= Beginning of Section =

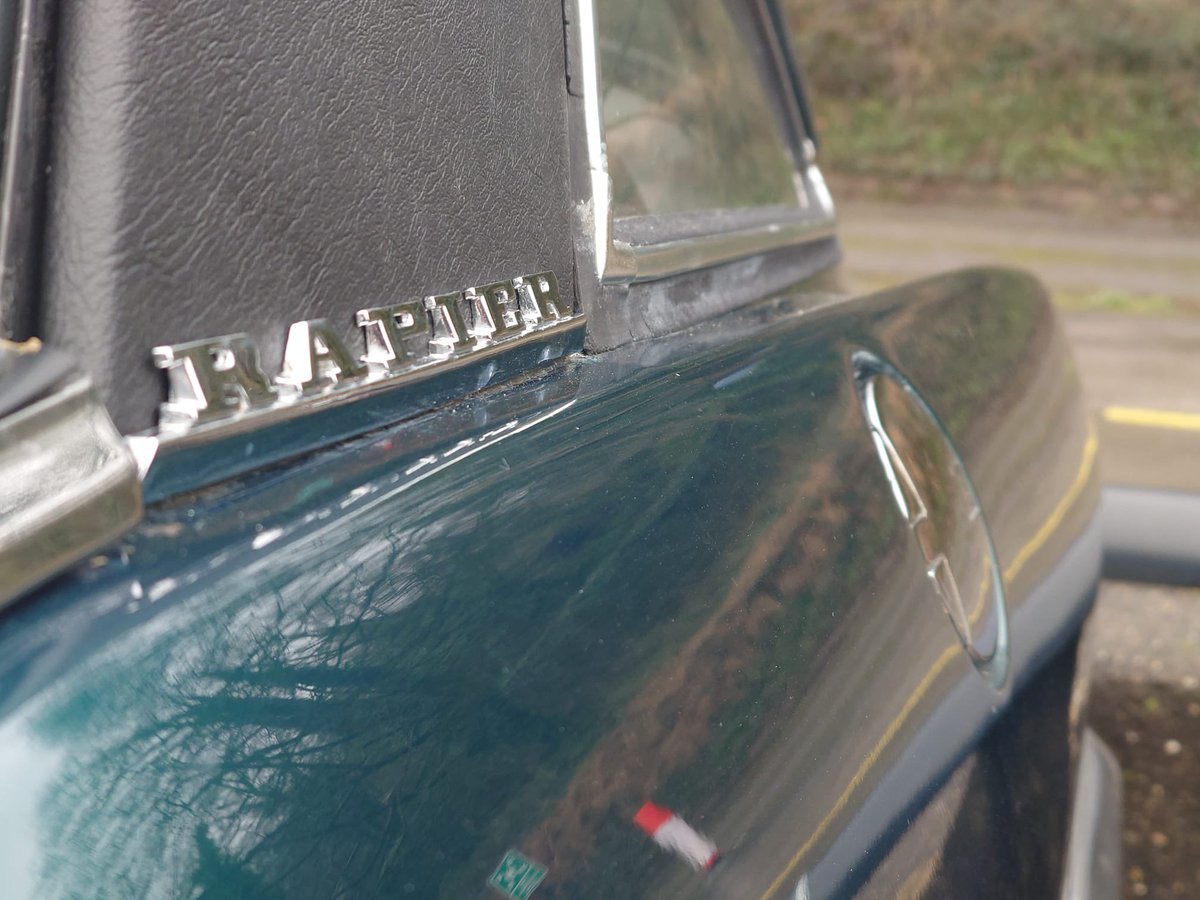 car_british's tweet image. 🚗🚙 #InTheCarPark Today 🚙🚗

The first of 2 fantastic British icons…

The first from #rootesgroup, a #SunbeamRapier H120 Holbay, a tuned up Rapier with twin Webber’s producing over 105bhp. Seen here in a spectacular British racing green.

#spotted #sunbeam #classiccars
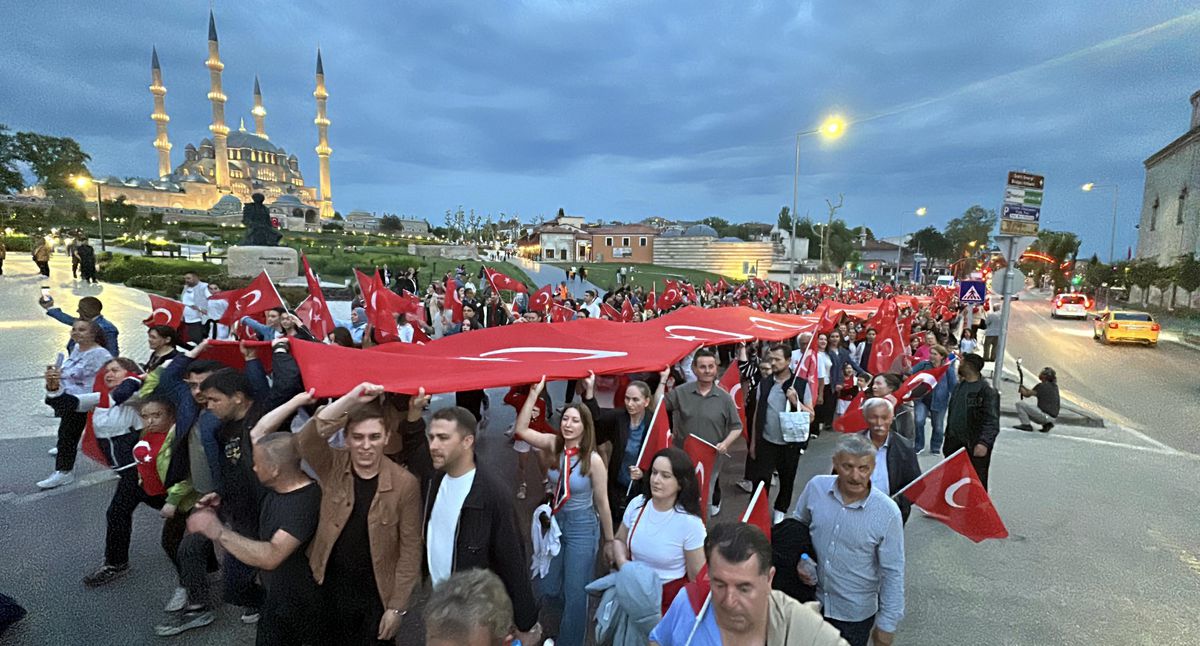 edirnede-19-mayis-nedeniyle-fener-alayi-duzenlendi-lwk9efWf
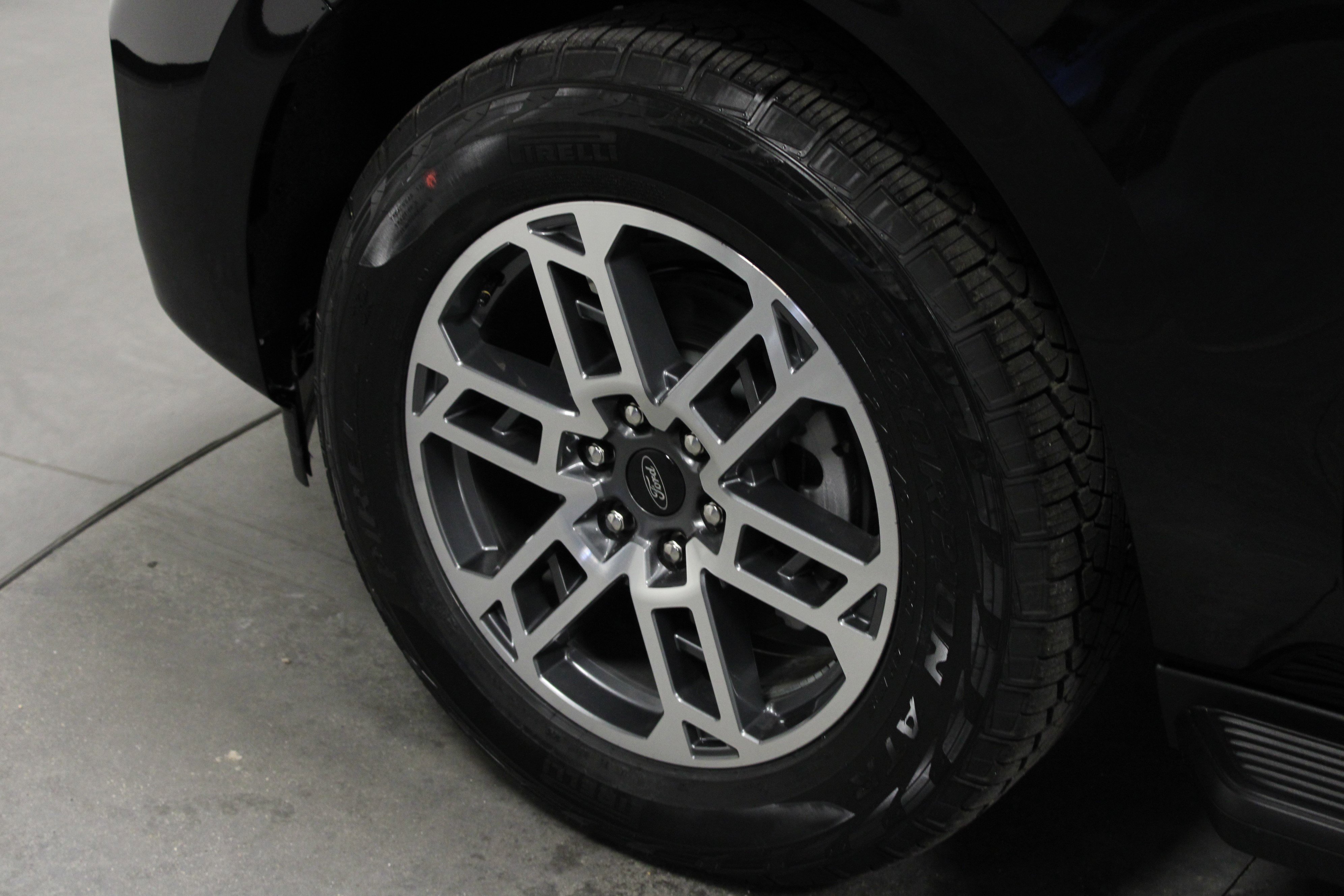 New 2026 Agate Black Metallic Ford Active image 10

= End of Section =

Instructions to follow: Return all the data exactly, and keep the pictures out.

Solution below:
 car_british's tweet image. 🚗🚙 #InTheCarPark Today 🚙🚗

The first of 2 fantastic British icons…

The first from #rootesgroup, a #SunbeamRapier H120 Holbay, a tuned up Rapier with twin Webber’s producing over 105bhp. Seen here in a spectacular British racing green.

#spotted #sunbeam #classiccars
 edirnede-19-mayis-nedeniyle-fener-alayi-duzenlendi-lwk9efWf
 New 2026 Agate Black Metallic Ford Active image 10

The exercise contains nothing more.